§ **INSTRUCTIONS TO FOLLOW**:
Below are some entries. Repeat exactly the lines from the one with "SUNRISE GOLF VILLAGE SEC - Residential" through the one with "overlooking a river", and only those.

§ **PROVIDED RECORDS**:
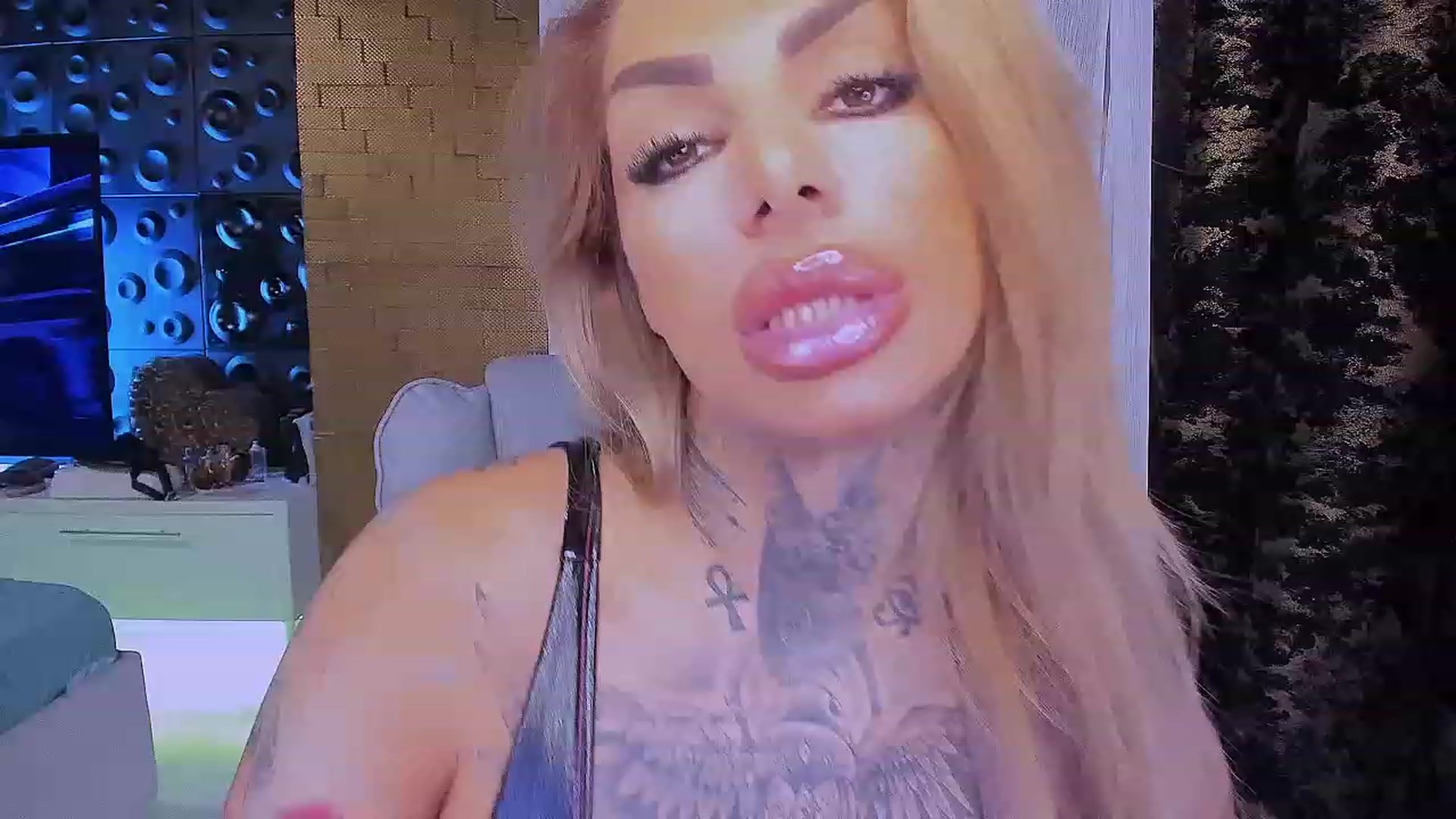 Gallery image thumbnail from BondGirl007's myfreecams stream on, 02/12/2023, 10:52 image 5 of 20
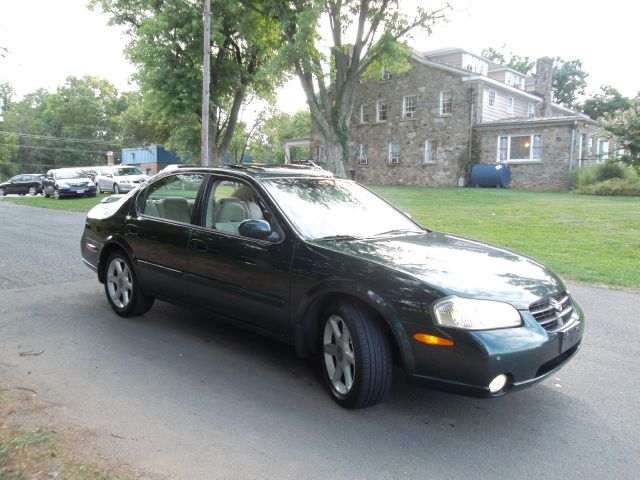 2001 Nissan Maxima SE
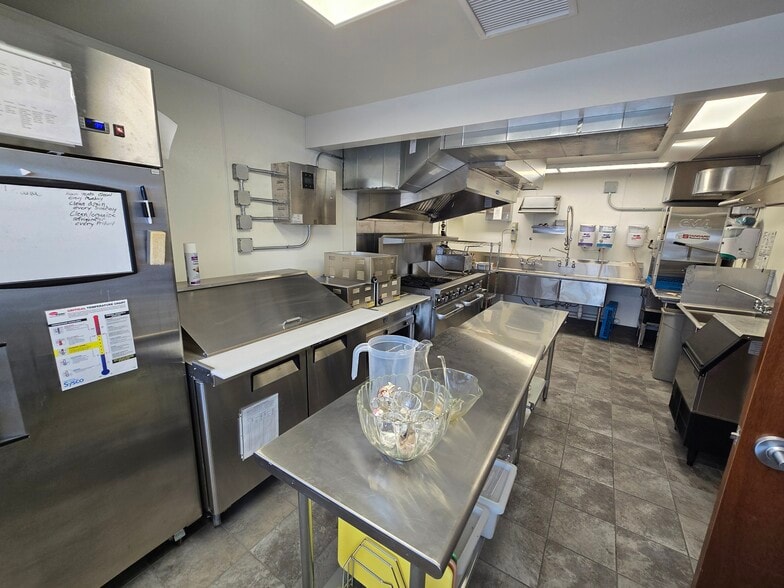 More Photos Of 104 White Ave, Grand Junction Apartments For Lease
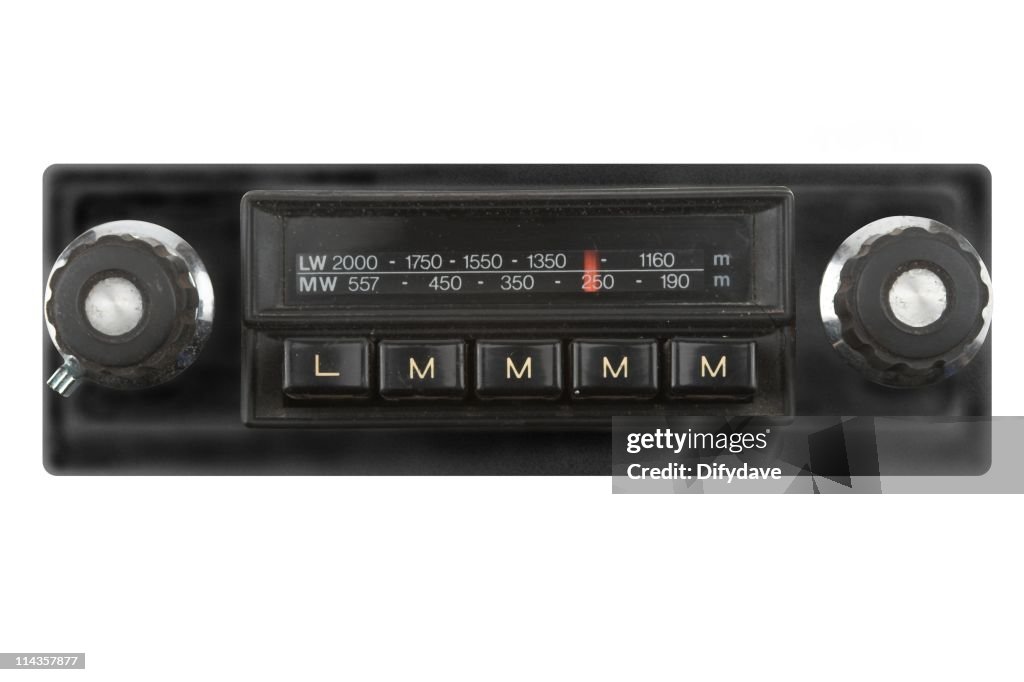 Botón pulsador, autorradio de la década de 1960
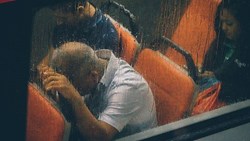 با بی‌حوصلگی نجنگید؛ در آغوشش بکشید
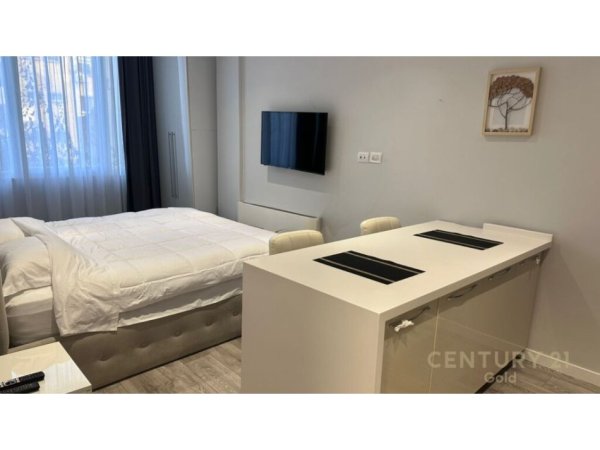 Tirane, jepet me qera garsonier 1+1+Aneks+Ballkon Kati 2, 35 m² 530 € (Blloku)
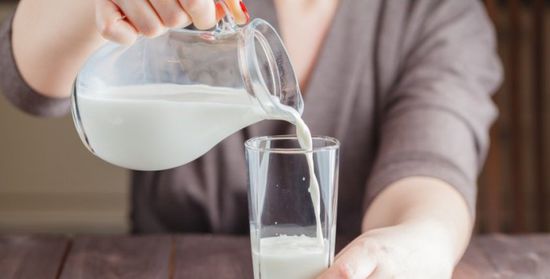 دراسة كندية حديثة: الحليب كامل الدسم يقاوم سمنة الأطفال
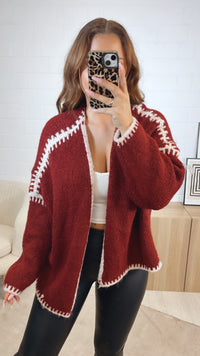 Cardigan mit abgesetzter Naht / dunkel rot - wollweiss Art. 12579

==

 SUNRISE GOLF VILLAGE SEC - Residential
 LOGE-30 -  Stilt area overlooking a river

---

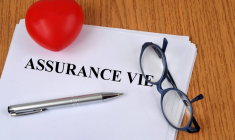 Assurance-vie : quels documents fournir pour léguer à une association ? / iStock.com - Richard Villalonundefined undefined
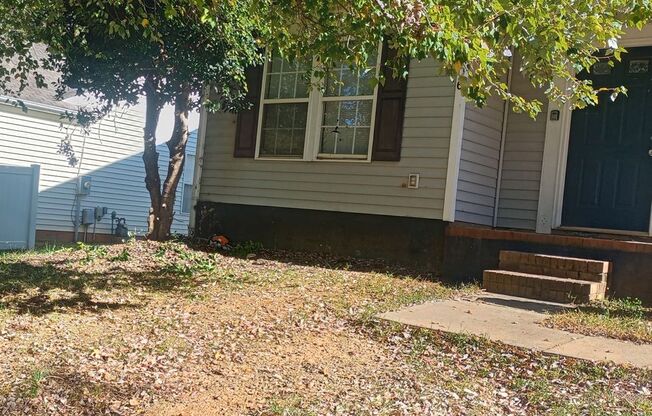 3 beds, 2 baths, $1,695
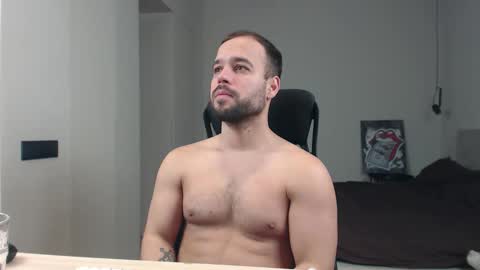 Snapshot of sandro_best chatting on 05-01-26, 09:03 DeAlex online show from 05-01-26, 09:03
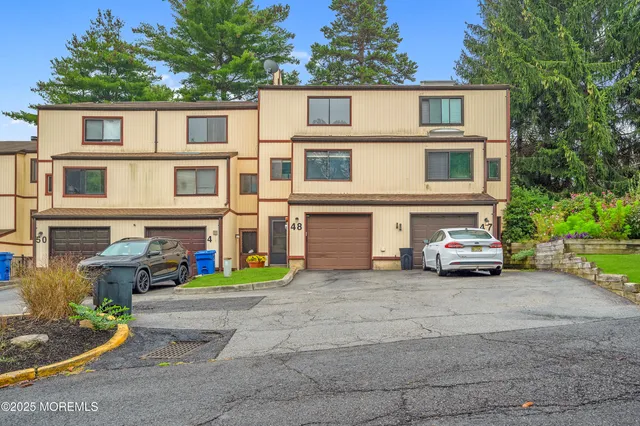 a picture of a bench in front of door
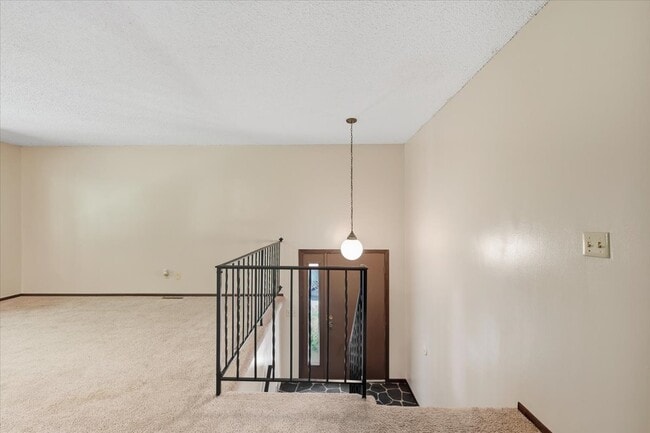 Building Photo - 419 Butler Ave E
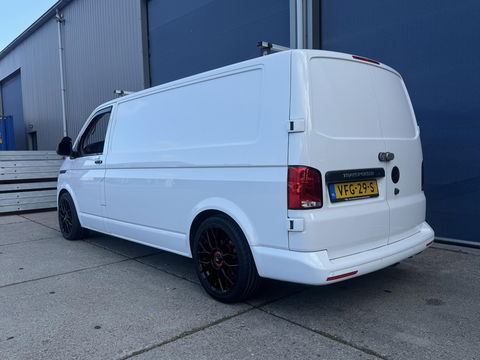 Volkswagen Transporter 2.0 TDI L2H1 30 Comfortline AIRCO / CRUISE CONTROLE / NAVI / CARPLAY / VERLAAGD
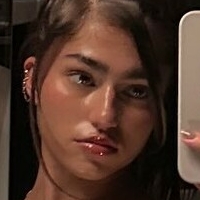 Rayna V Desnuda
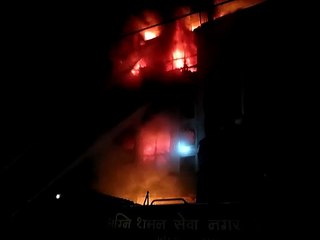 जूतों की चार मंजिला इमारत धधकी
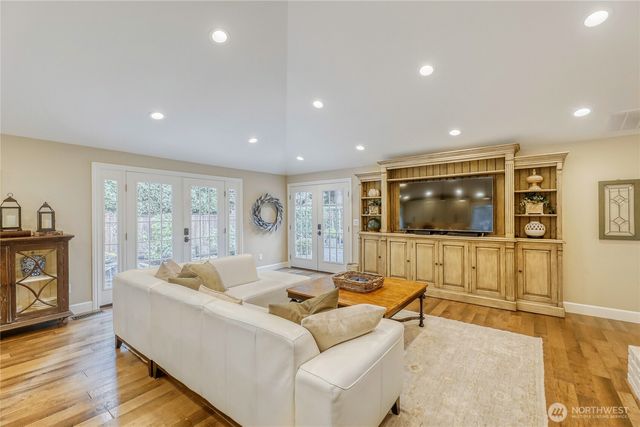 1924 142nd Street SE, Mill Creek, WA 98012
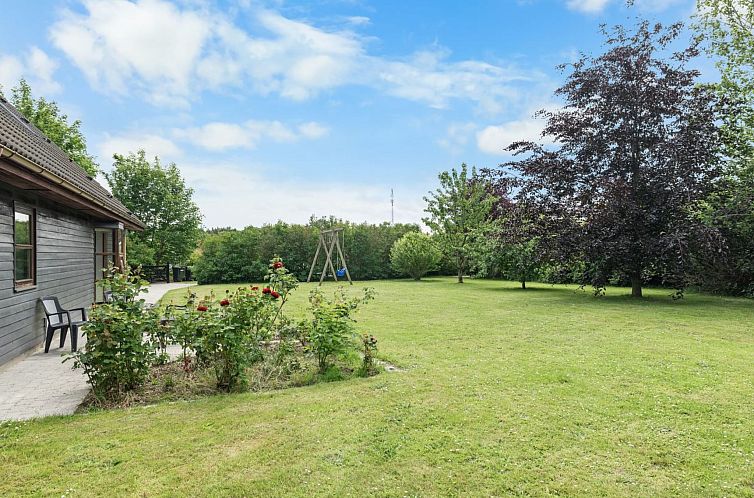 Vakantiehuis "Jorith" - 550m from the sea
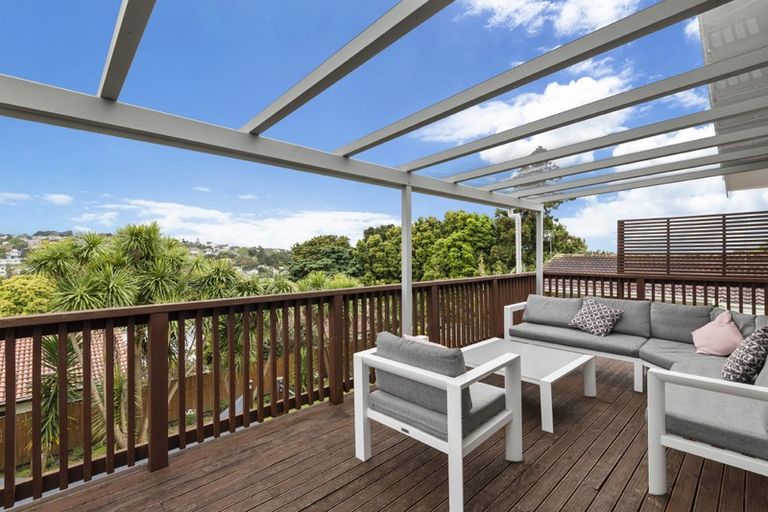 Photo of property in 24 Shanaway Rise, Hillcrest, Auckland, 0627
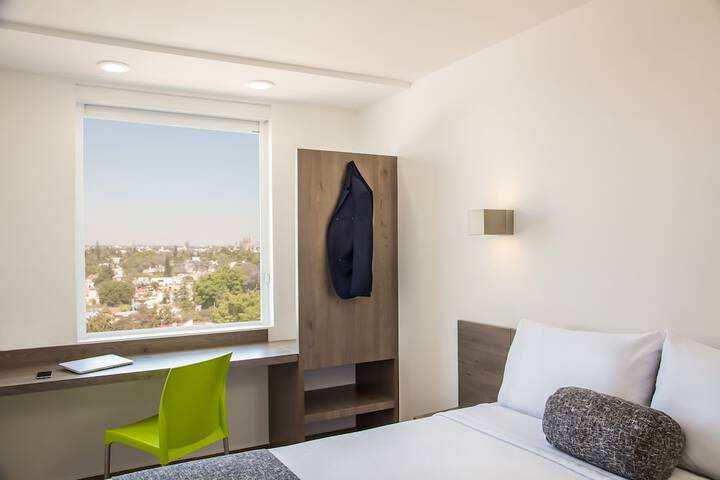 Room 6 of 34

§ **SOLVED PROBLEM**:
 SUNRISE GOLF VILLAGE SEC - Residential
 LOGE-30 -  Stilt area overlooking a river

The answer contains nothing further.